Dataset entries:

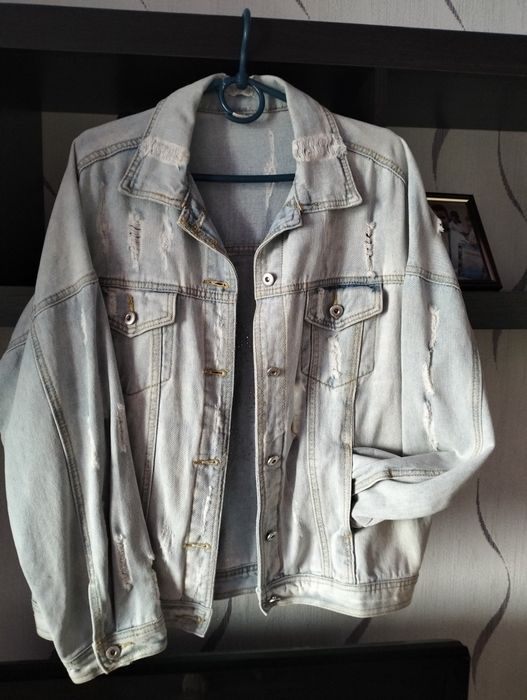 Продам джинсову куртку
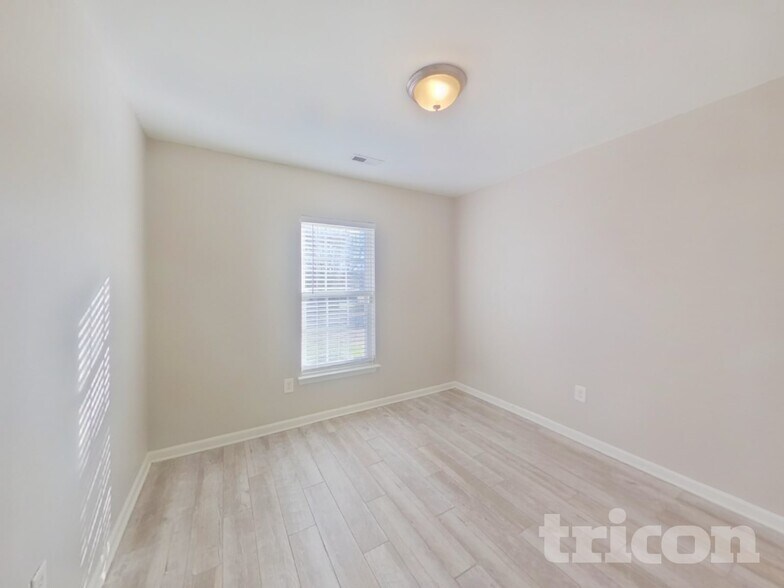 Building Photo - 4621 Sahalee Ln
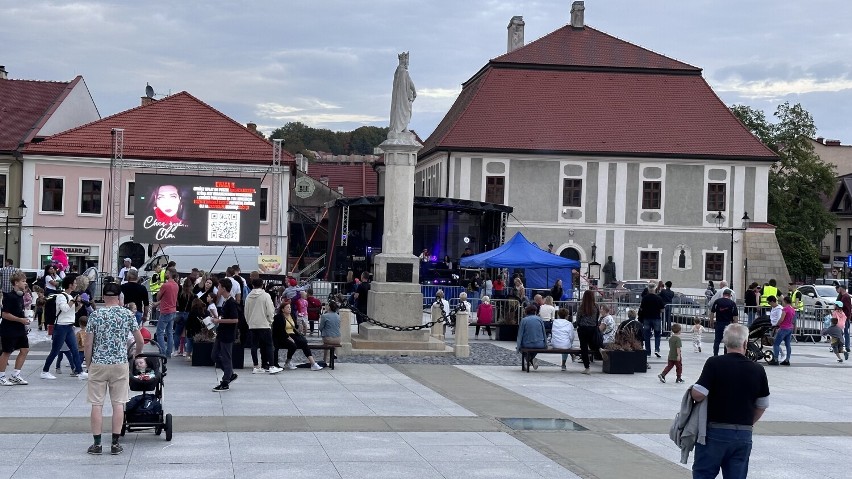 Koncert charytatywny dla Oli w Bochni, na Rynku trwa zbiórka na leczenie chorej na raka 24-latki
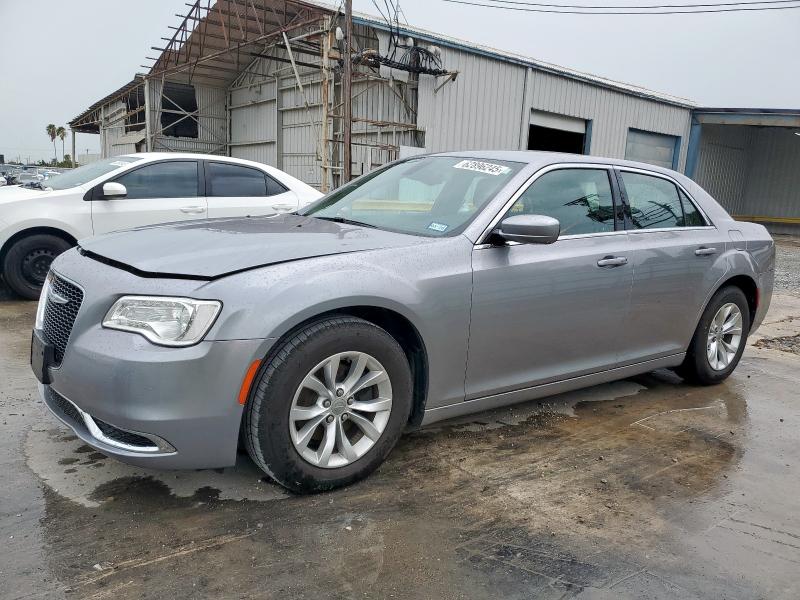  CHRYSLER 300 2015 Srebrny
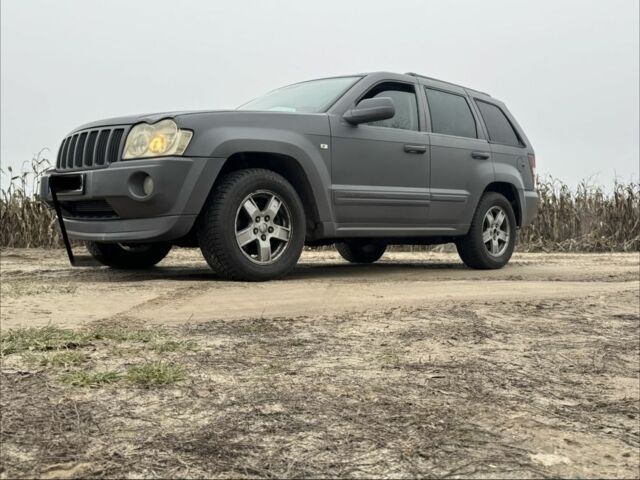 Серый Джип Гранд Чероки, объемом двигателя 3 л и пробегом 416 тыс. км за 5000 $, фото 5 на Automoto.ua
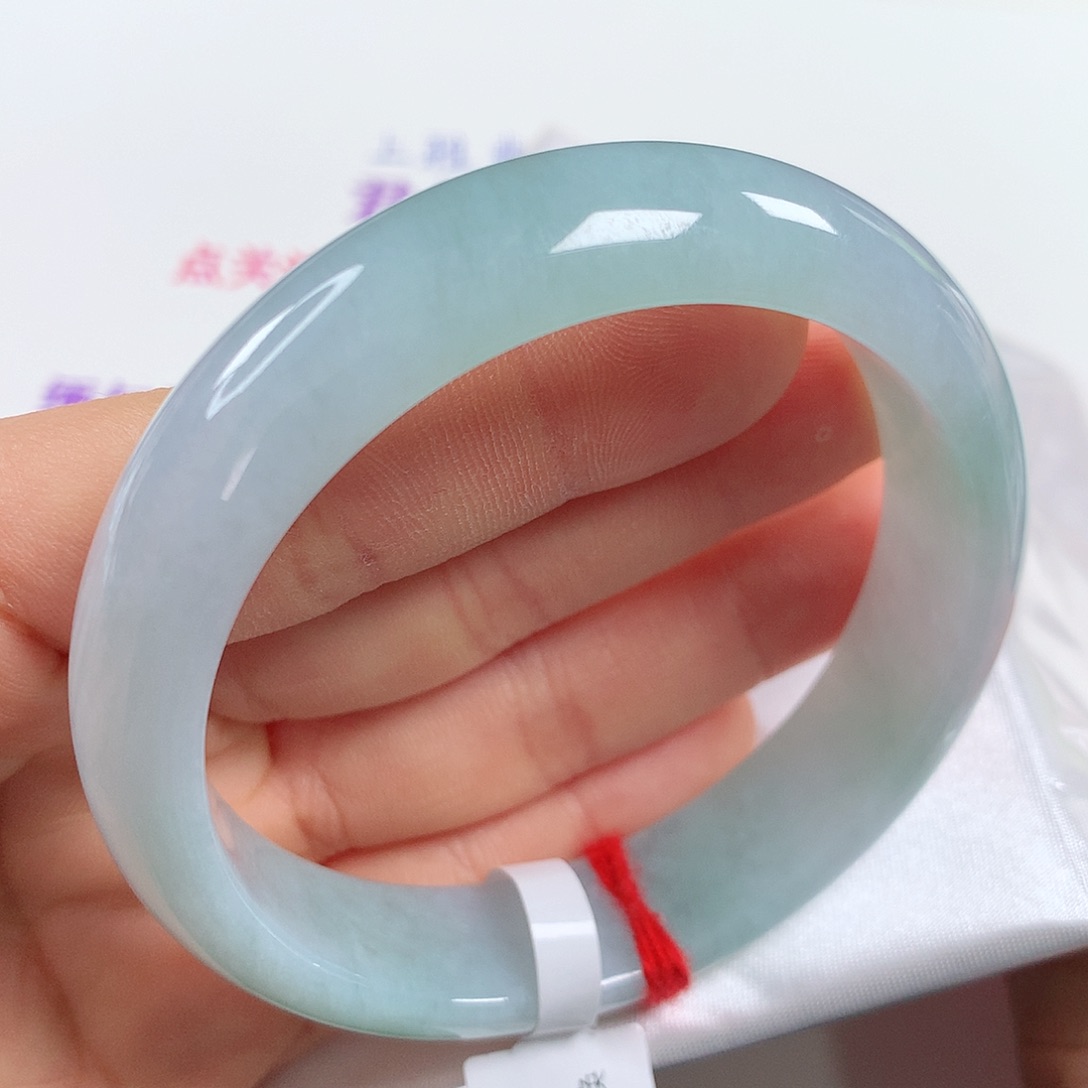 翡翠手镯未镶嵌 正圈①③③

Aim of the exercise: Beginning at the line that contains "Серый Джип Гранд", copy each remaining line of the records exactly, through the final one. Omit the pictures.

Solution:
 Серый Джип Гранд Чероки, объемом двигателя 3 л и пробегом 416 тыс. км за 5000 $, фото 5 на Automoto.ua
 翡翠手镯未镶嵌 正圈①③③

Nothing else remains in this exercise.